## WHAT YOU HAVE TO DO
Beginning with the line where "High angle view of freeway" appears, restate each line word for word until the data ends. Pictures do not go in.

## DATA IN THIS EXERCISE
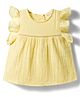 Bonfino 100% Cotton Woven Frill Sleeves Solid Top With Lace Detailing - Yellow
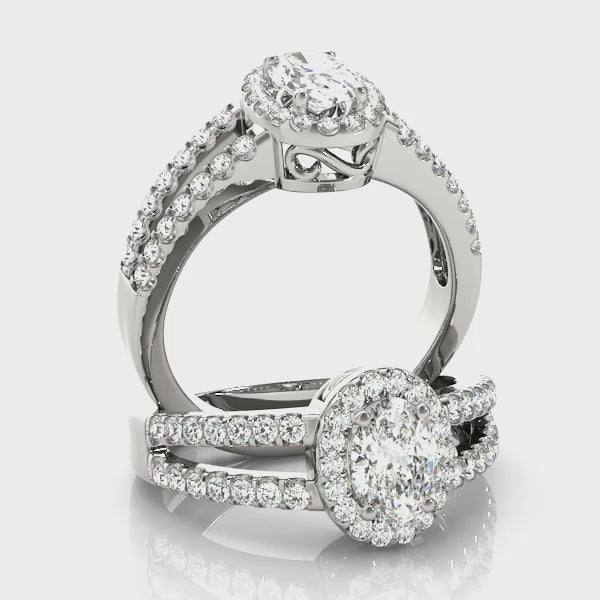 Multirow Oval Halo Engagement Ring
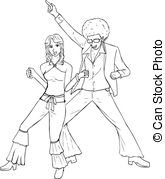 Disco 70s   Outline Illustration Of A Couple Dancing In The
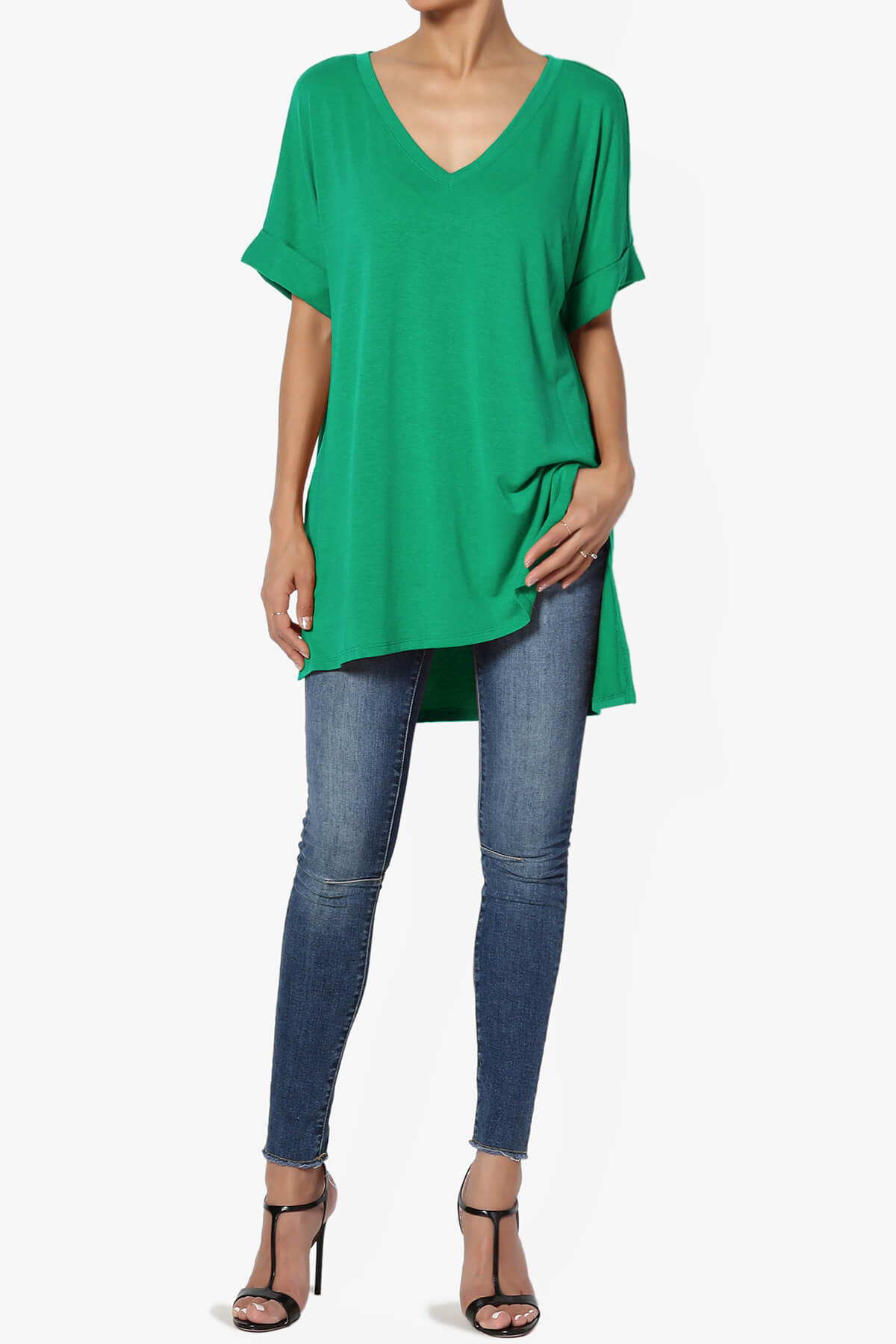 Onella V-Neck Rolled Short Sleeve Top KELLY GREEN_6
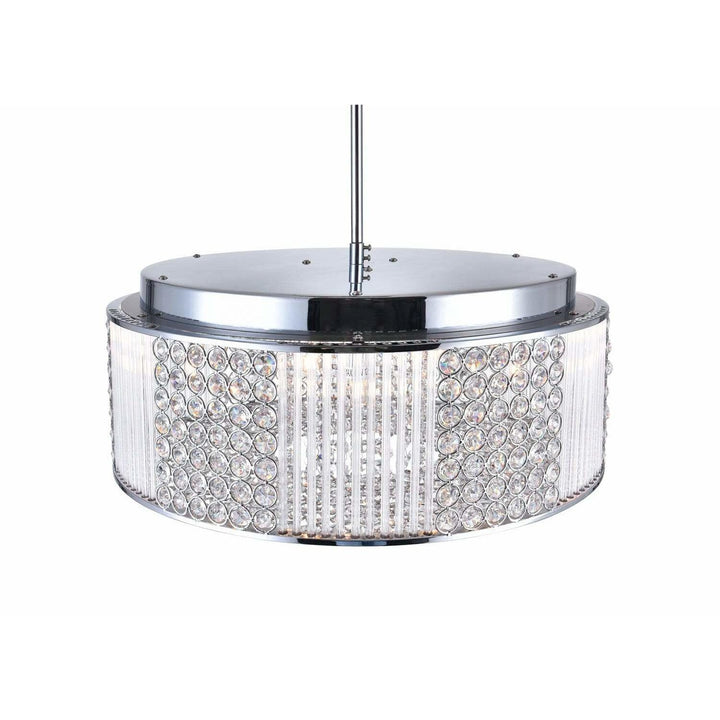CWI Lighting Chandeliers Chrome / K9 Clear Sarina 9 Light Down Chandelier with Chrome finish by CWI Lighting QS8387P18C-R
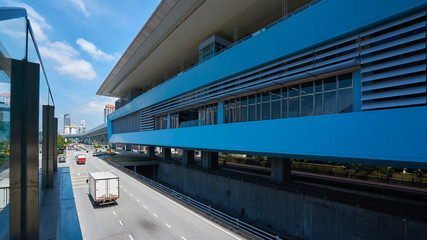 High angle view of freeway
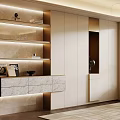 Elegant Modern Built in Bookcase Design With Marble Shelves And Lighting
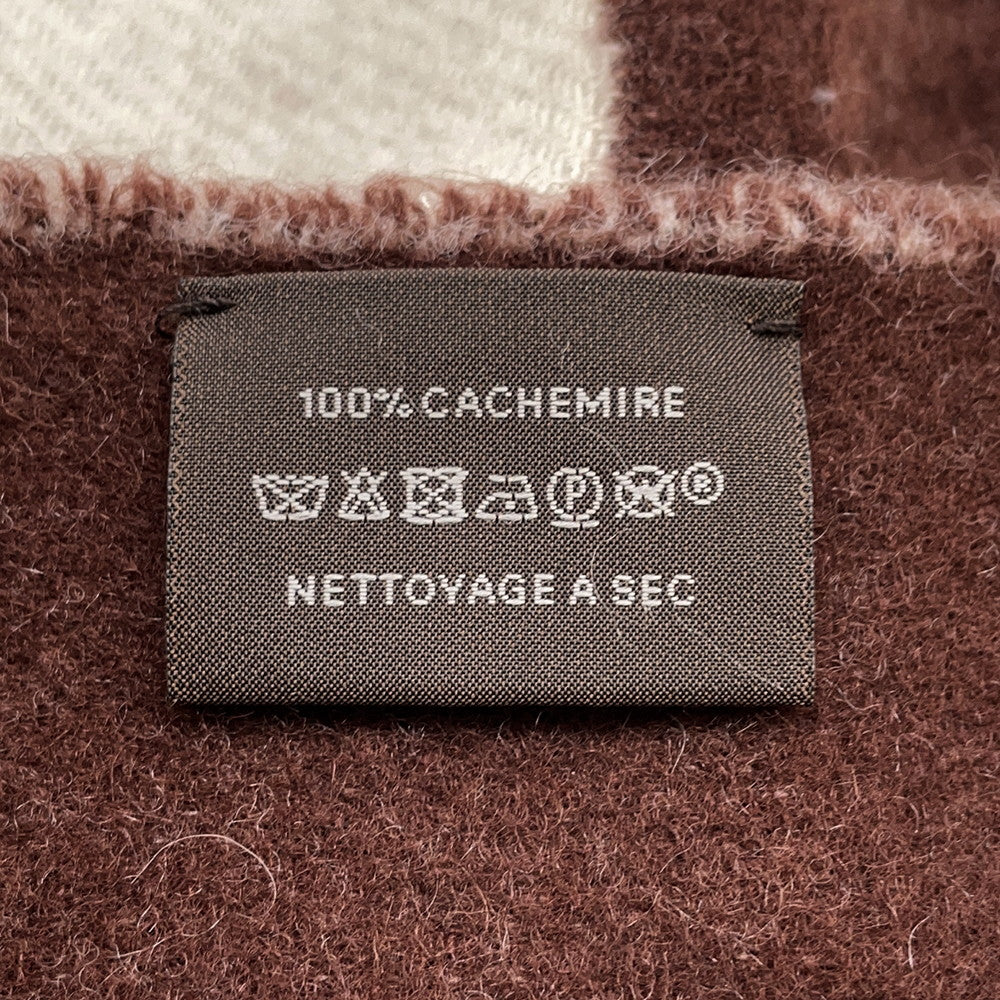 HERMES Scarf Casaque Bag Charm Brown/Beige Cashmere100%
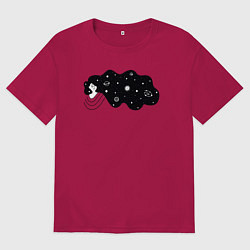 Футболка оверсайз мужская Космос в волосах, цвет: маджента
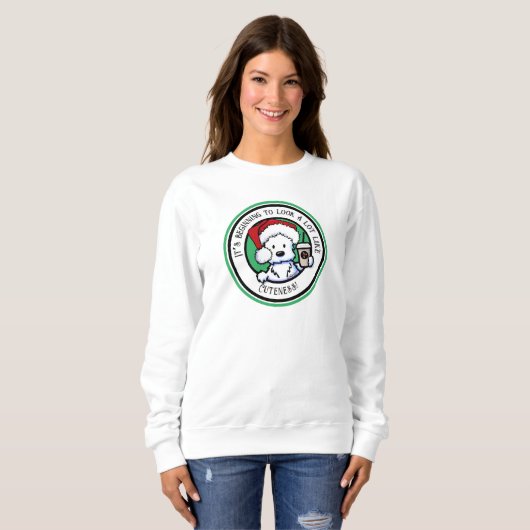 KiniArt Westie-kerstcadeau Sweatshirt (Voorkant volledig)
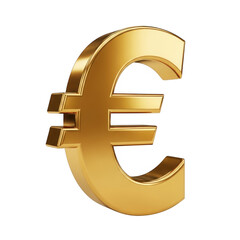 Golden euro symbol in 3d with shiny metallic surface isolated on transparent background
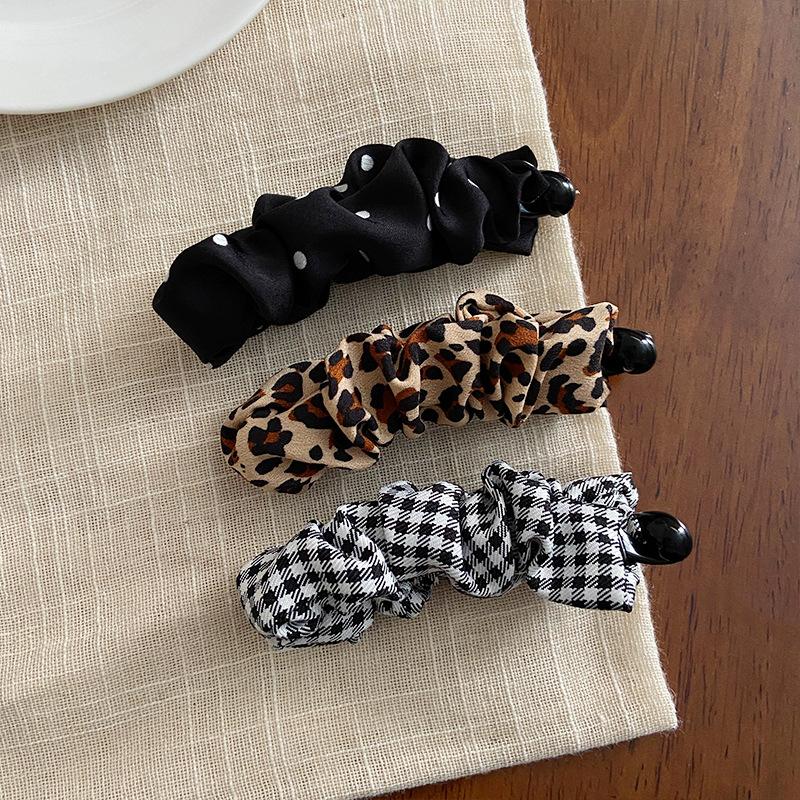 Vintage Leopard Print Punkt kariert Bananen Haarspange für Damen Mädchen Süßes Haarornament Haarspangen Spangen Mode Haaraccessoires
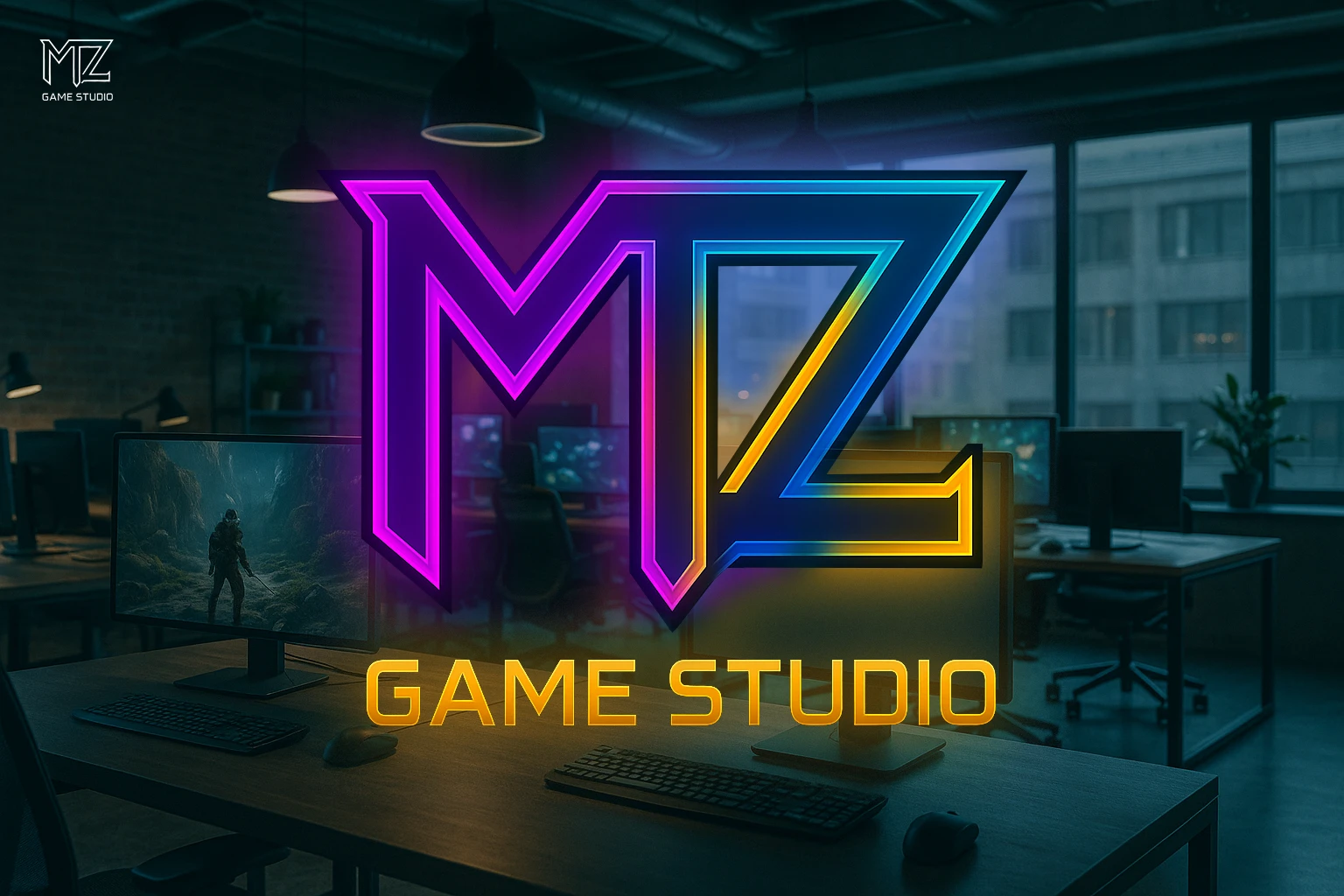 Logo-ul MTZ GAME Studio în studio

## ANSWER
 High angle view of freeway
 Elegant Modern Built in Bookcase Design With Marble Shelves And Lighting
 HERMES Scarf Casaque Bag Charm Brown/Beige Cashmere100%
 Футболка оверсайз мужская Космос в волосах, цвет: маджента
 KiniArt Westie-kerstcadeau Sweatshirt (Voorkant volledig)
 Golden euro symbol in 3d with shiny metallic surface isolated on transparent background
 Vintage Leopard Print Punkt kariert Bananen Haarspange für Damen Mädchen Süßes Haarornament Haarspangen Spangen Mode Haaraccessoires
 Logo-ul MTZ GAME Studio în studio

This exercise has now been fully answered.